REQUIREMENT: From the first line to the last, set down the material exactly, leaving out its pictures.

TASK DATA:
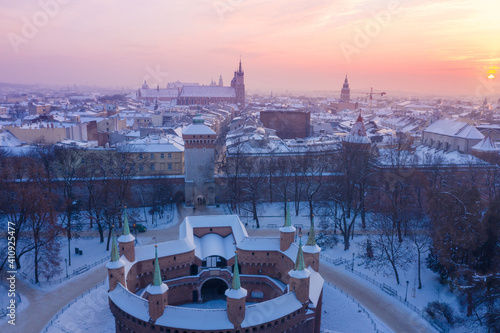 Barbikan and Krakow Old Town in winter. Snow on roofs in winter Krakow Poland at sunset. Medieval Barbacan fortification, Royal Road and city center. photo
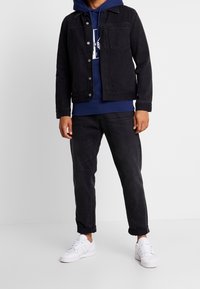 Giacca di jeans nera sopra un hoodie blu navy, abbinata a jeans scuri e sneakers bianche. Il look presenta bottoni e maniche arrotolate.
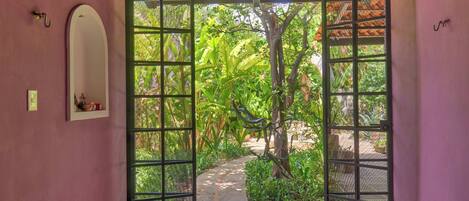 A doorway leading to a garden with a tiled floor and a tiled ceiling.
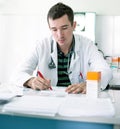 Young doctor prescribing recipe Royalty Free Stock Photo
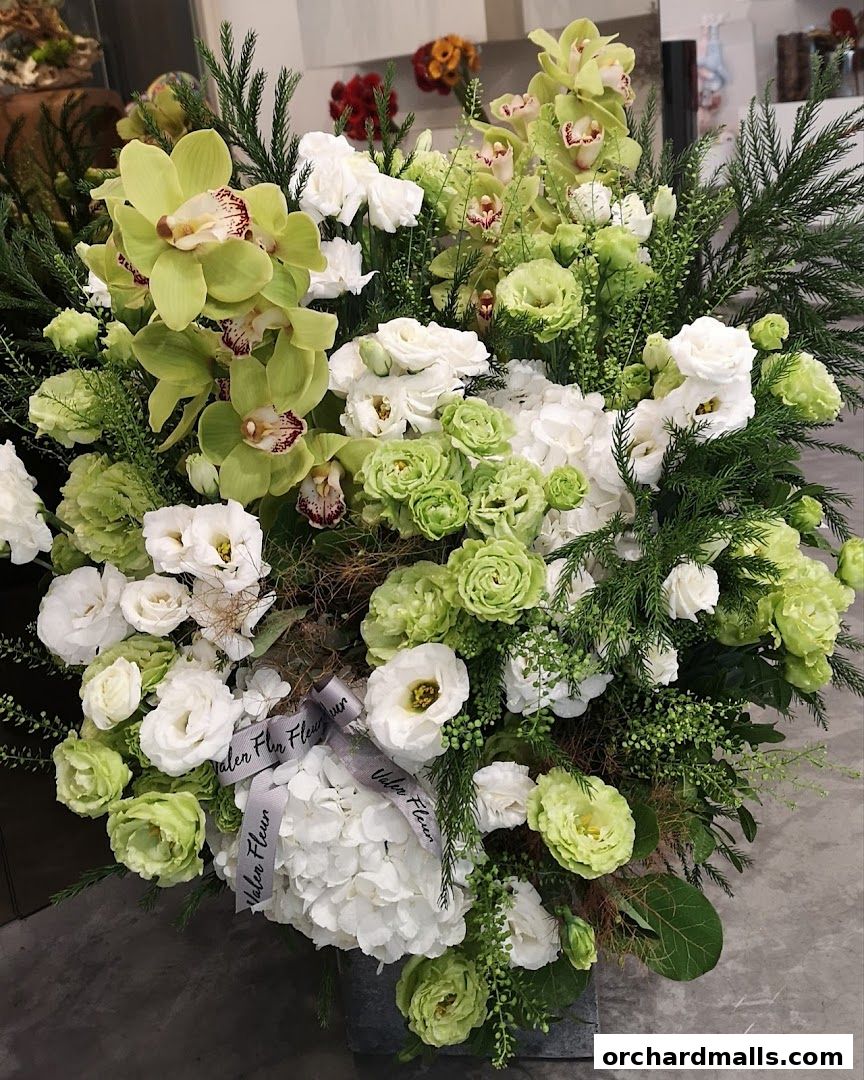 A large, lush floral arrangement featuring green orchids, white roses, and hydrangeas.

THE COMPLETED TASK:
 Barbikan and Krakow Old Town in winter. Snow on roofs in winter Krakow Poland at sunset. Medieval Barbacan fortification, Royal Road and city center. photo
 Giacca di jeans nera sopra un hoodie blu navy, abbinata a jeans scuri e sneakers bianche. Il look presenta bottoni e maniche arrotolate.
 A doorway leading to a garden with a tiled floor and a tiled ceiling.
 Young doctor prescribing recipe Royalty Free Stock Photo
 A large, lush floral arrangement featuring green orchids, white roses, and hydrangeas.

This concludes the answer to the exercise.